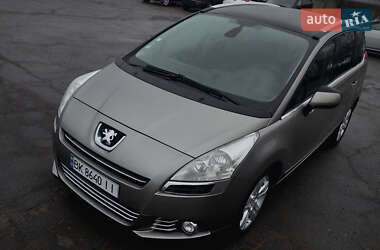 Микровэн Peugeot 5008 2012 в Ровно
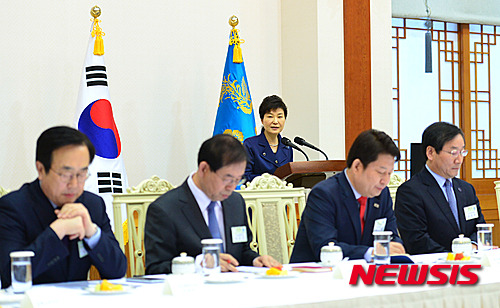 【서울=뉴시스】전진환 기자 = 박근혜 대통령이 19일 오후 청와대 충무실에서 열린 전국 시·도지사와의 만남에서 인사말을 하고 있다. 2016.02.19.   amin2@newsis.com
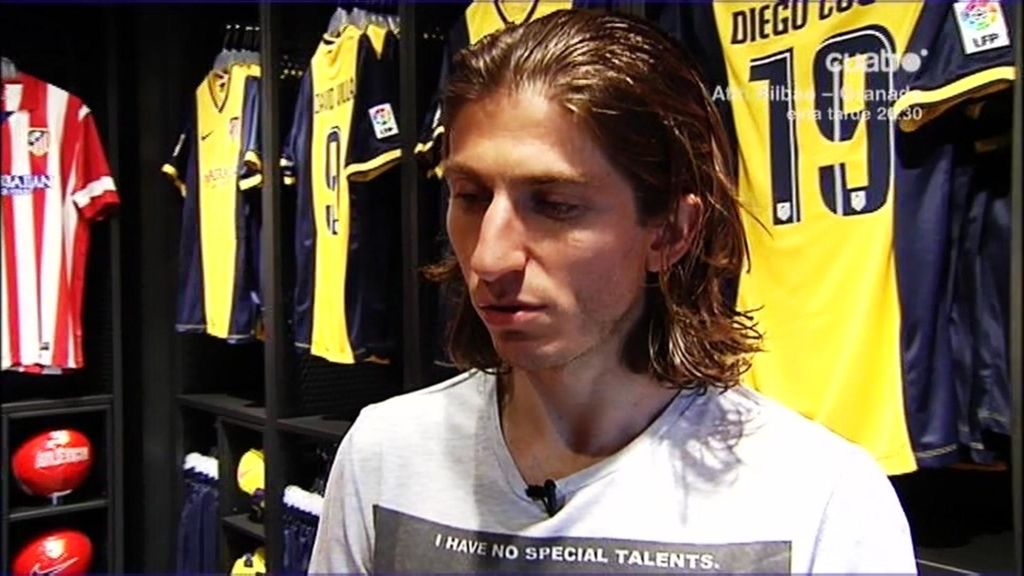 Filipe Luis, sobre el derbi: "Hay que intentar romper el maleficio en el Calderón"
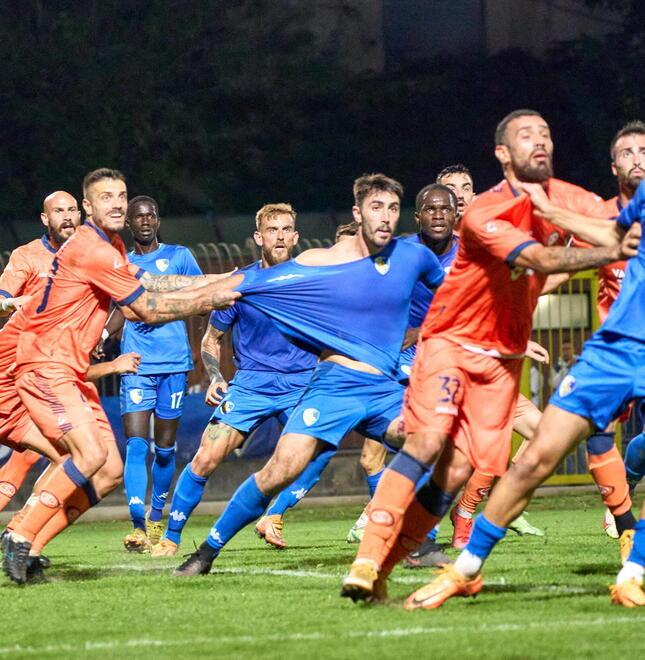 Un calcio d’angolo per il Prato Mischia in area arancione (foto Autovino)
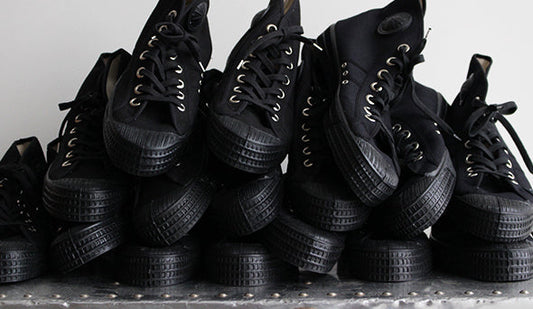 【DEADSTOCK】Czech Army Canvas Trainer ”Black"ミリタリーでは珍しいオールブラックの1足。
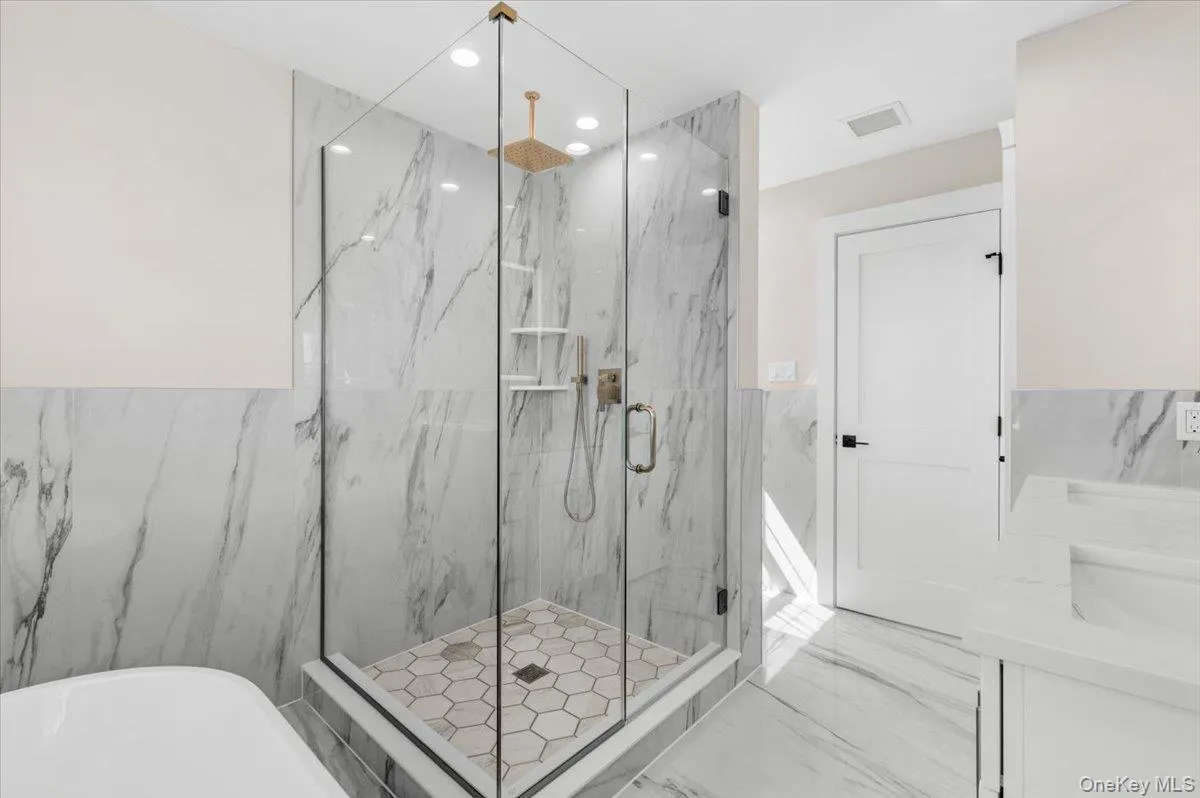 10 Lee Place, Oyster Bay, NY, 5 Bedrooms Bedrooms, 9 Rooms Rooms,4 BathroomsBathrooms,Residential,For Rent,Lee,0,1000823 10 Lee Place, Oyster Bay, NY, 5 Bedrooms Bedrooms, 9 Rooms Rooms,4 BathroomsBathrooms,Residential,For Rent,Lee,0,1000823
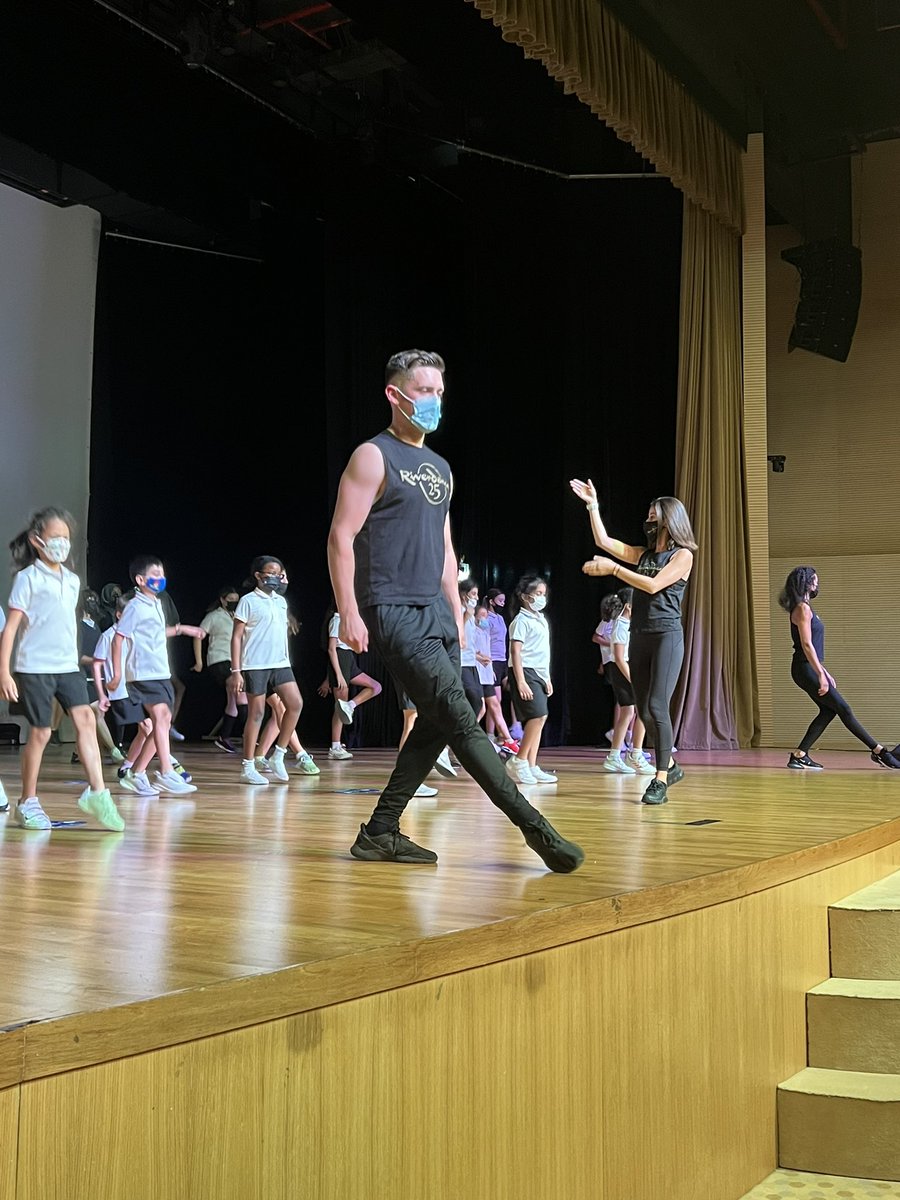 Principal_HIS's tweet photo. End of the @DXBFitChallenge in no better way than a visit from @Riverdance   Thank you so much for sharing your time, energy and talent @IrelandatExpo @HartlandIntl @JCGalway https://t.co/5Gpjy4kjAk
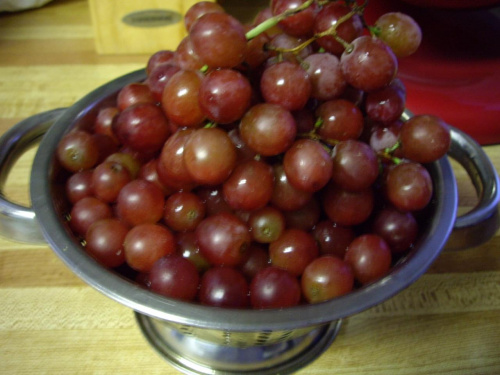winogrona najlepsze sa male, czerwone, bez pestek, ale uzywac mozna wszelkie owoce pokrojone w male kawalki, albo uzywac kawalki czekolady (specjalna do cista), albo rodzynki. Ococe z puszki tez moga byc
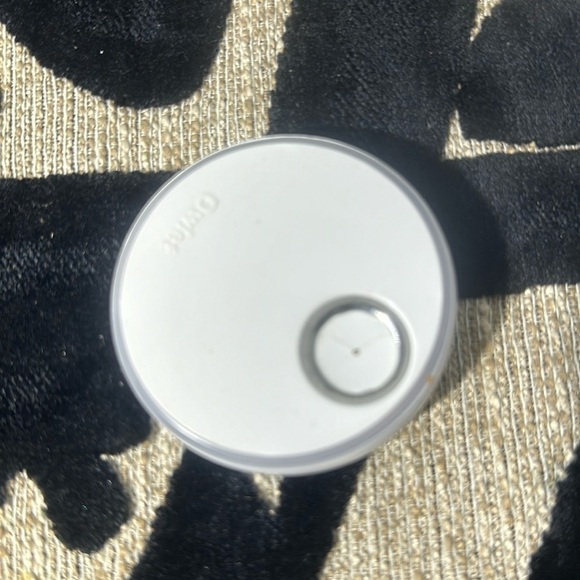 Owlet baby monitor base - Picture 1 of 2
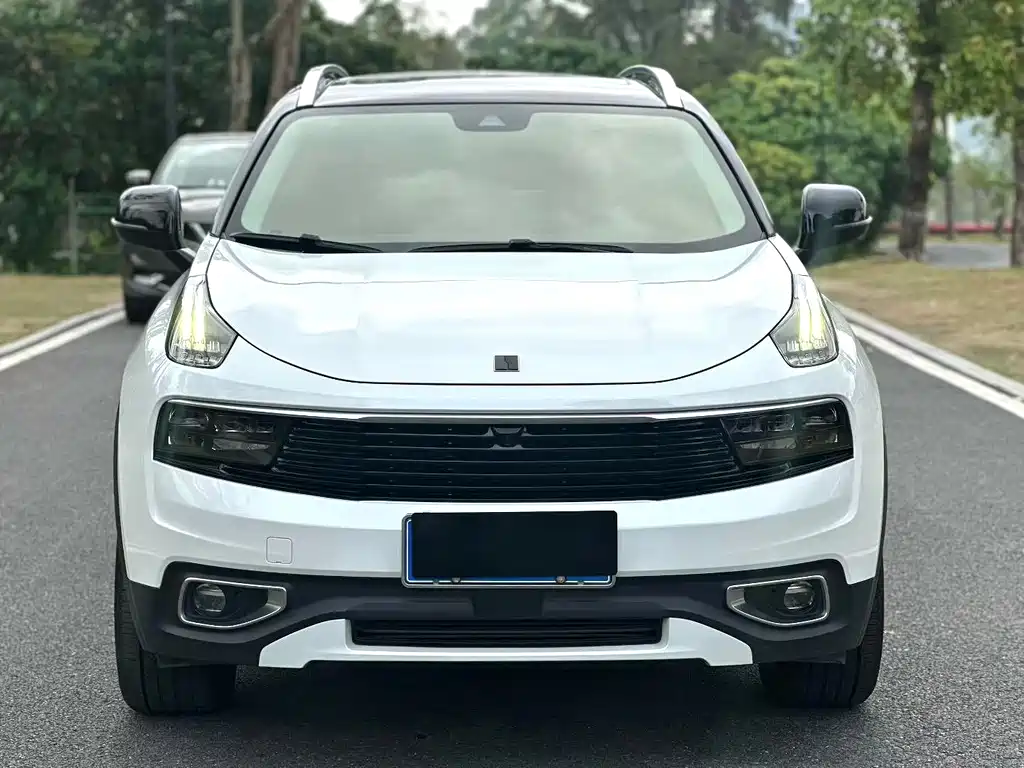 Lynk & Co 01 2019 2.0T two-wheel drive Pro version National VI купить на сайте DeffCars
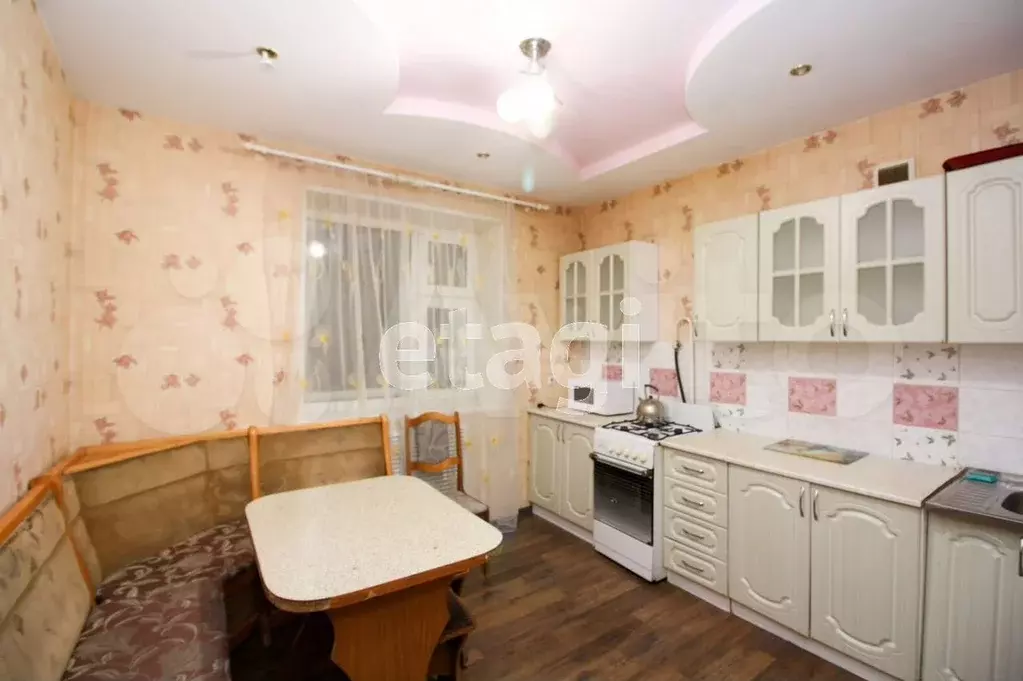 3-к. квартира, 70 м, 5/5 эт. - Фото 0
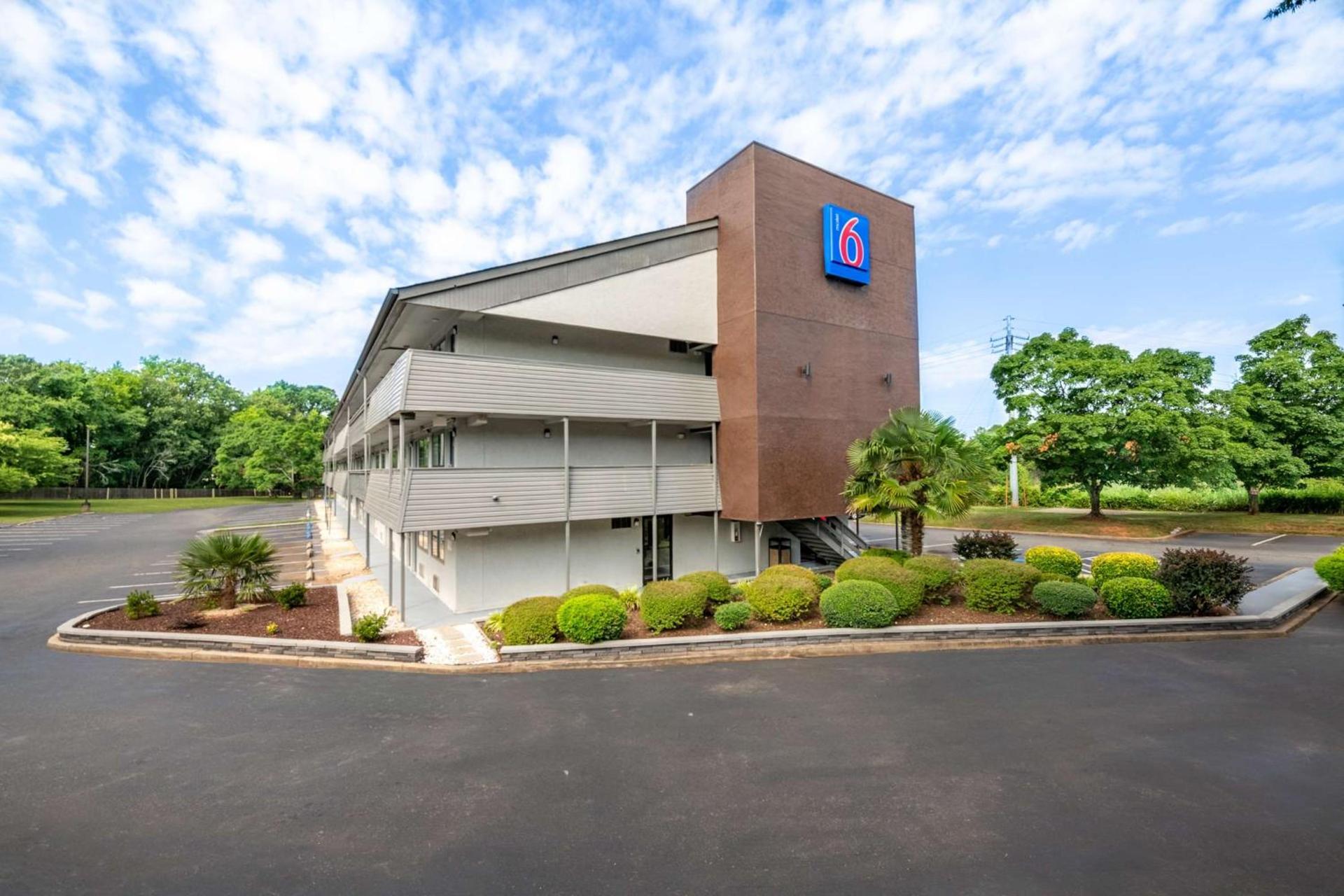 Motel 6-Charlotte, NC - Coliseum photo 1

....................

§ **WHAT THE EXERCISE ASKS**
Please set down only the lines from the one containing "Filipe Luis, sobre" through the end of the entries, exactly as they stand, both ends included and with no pictures.

§ **ANSWER BOX**
 Filipe Luis, sobre el derbi: "Hay que intentar romper el maleficio en el Calderón"
 Un calcio d’angolo per il Prato Mischia in area arancione (foto Autovino)
 【DEADSTOCK】Czech Army Canvas Trainer ”Black"ミリタリーでは珍しいオールブラックの1足。
 10 Lee Place, Oyster Bay, NY, 5 Bedrooms Bedrooms, 9 Rooms Rooms,4 BathroomsBathrooms,Residential,For Rent,Lee,0,1000823 10 Lee Place, Oyster Bay, NY, 5 Bedrooms Bedrooms, 9 Rooms Rooms,4 BathroomsBathrooms,Residential,For Rent,Lee,0,1000823
 Principal_HIS's tweet photo. End of the @DXBFitChallenge in no better way than a visit from @Riverdance   Thank you so much for sharing your time, energy and talent @IrelandatExpo @HartlandIntl @JCGalway https://t.co/5Gpjy4kjAk
winogrona najlepsze sa male, czerwone, bez pestek, ale uzywac mozna wszelkie owoce pokrojone w male kawalki, albo uzywac kawalki czekolady (specjalna do cista), albo rodzynki. Ococe z puszki tez moga byc
 Owlet baby monitor base - Picture 1 of 2
 Lynk & Co 01 2019 2.0T two-wheel drive Pro version National VI купить на сайте DeffCars
 3-к. квартира, 70 м, 5/5 эт. - Фото 0
 Motel 6-Charlotte, NC - Coliseum photo 1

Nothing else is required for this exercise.